To Paris then the rolling stone meandered again. So that soon after he was offered and accepted the charge of a great newly opened hospital for epileptics in London. That proved merely an interlude and in 1863 we find him back in his fatherland (if we may hold France his motherland) as Professor of Neuropathology at Harvard. In New York fame preceded him now with a thousand trumpets, so that on the day of his arrival, he was kept busy seeing patients until night, when he had to desist because of exhaustion. But still he did not prosper. An unfortunate second marriage almost broke his heart, and an attempt to found in New York a new medical periodical, the Archives of Scientific and Practical Medicine and Surgery, got him into hot water. Not until the death of Claude Bernard in 1878 left vacant the chair of physiology in the College of France, did he find peace and rest. He hastened to Paris, was appointed, and lived, in spite of the most erratic of existences, to the ripe old age of 78, working up to the last minute.

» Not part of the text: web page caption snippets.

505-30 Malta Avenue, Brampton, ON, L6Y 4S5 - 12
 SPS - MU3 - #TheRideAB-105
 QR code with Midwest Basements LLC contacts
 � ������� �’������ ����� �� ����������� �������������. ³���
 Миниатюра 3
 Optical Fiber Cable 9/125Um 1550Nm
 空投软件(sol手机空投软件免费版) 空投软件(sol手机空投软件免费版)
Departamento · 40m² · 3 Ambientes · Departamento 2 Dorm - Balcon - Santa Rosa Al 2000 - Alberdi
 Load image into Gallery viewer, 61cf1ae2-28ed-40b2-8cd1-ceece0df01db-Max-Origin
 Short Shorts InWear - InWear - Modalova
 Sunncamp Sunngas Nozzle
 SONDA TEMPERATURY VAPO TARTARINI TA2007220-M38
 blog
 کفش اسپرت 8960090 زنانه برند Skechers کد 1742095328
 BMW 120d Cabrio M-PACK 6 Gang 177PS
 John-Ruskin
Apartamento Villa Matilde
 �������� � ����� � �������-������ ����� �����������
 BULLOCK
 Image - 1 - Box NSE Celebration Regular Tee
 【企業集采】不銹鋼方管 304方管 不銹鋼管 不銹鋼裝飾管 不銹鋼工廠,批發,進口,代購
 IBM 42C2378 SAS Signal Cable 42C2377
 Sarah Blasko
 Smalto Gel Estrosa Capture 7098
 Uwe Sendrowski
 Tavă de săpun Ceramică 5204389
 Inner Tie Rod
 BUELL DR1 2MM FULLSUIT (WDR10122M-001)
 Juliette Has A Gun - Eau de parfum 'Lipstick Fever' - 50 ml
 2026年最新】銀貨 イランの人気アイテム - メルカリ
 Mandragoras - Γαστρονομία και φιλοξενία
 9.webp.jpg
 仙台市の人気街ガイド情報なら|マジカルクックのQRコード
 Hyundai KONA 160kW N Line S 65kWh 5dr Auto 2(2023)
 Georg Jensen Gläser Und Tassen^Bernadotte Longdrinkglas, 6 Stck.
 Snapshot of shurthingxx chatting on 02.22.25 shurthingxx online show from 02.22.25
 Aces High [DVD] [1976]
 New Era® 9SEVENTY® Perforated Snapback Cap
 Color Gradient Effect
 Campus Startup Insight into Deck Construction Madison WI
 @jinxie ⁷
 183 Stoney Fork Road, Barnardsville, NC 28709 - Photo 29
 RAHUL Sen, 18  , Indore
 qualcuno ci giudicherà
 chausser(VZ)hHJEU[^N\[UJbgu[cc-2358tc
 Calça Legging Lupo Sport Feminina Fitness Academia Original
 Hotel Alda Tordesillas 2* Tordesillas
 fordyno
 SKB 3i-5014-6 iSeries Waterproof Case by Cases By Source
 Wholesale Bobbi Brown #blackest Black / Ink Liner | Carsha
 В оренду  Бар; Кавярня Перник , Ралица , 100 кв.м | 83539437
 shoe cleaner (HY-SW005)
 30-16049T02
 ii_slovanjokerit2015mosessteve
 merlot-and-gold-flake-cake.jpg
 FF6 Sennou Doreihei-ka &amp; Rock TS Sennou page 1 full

Addison's monograph stimulated Brown-Séquard, in the year after its printing, to reproduce the fatal disease experimentally by excising the suprarenal capsules in animals. Addison was very modest in his monograph. He stated that the first case of the malady had been reported by his great predecessor at Guy's Hospital, London, Richard Bright, the describer of Bright's Disease. Then he talks about the "curious facts" he had "stumbled upon" and refers to an "ill-defined impression" that these suprarenal bodies, in common with the spleen and other organs, "in some way or other minister to the elaboration of the blood." In the preface to his work he had spoken more confidently of the fact that Nature, as an experimenter and a vivisector, can beat the physiologist to a frazzle. Indeed, he begins like this: "If Pathology be to disease what Physiology is to health, it appears reasonable to conclude that, in any given structure or organ, the laws of the former will be as fixed and significant as those of the latter: and that the peculiar characters of any structure or organ may be as certainly recognized in the phenomena of disease as in the phenomena of health. Although pathology, therefore, as a branch of medical science, is necessarily founded on physiology, questions may nevertheless arise regarding the true character of a structure or organ, to which occasionally the pathologist may be able to return a more satisfactory and decisive reply than the physiologist-these two branches of medical knowledge being thus found mutually to advance and illustrate each other. Indeed, as regards the functions of individual organs, the mutual aids of these two branches of knowledge are probably much more nearly balanced than many may be disposed to admit: for in estimating them we are very apt to forget how large an amount of our present physiological knowledge respecting the functions of these organs has been the immediate result of casual observations made on the effects of disease." William James expressed the same thought some decades later, when he emphasized that the abnormal was but the normal exaggerated and magnified, played upon by the limelight, and therefore the best teacher and indicator of the exact definition and limitations of the normal.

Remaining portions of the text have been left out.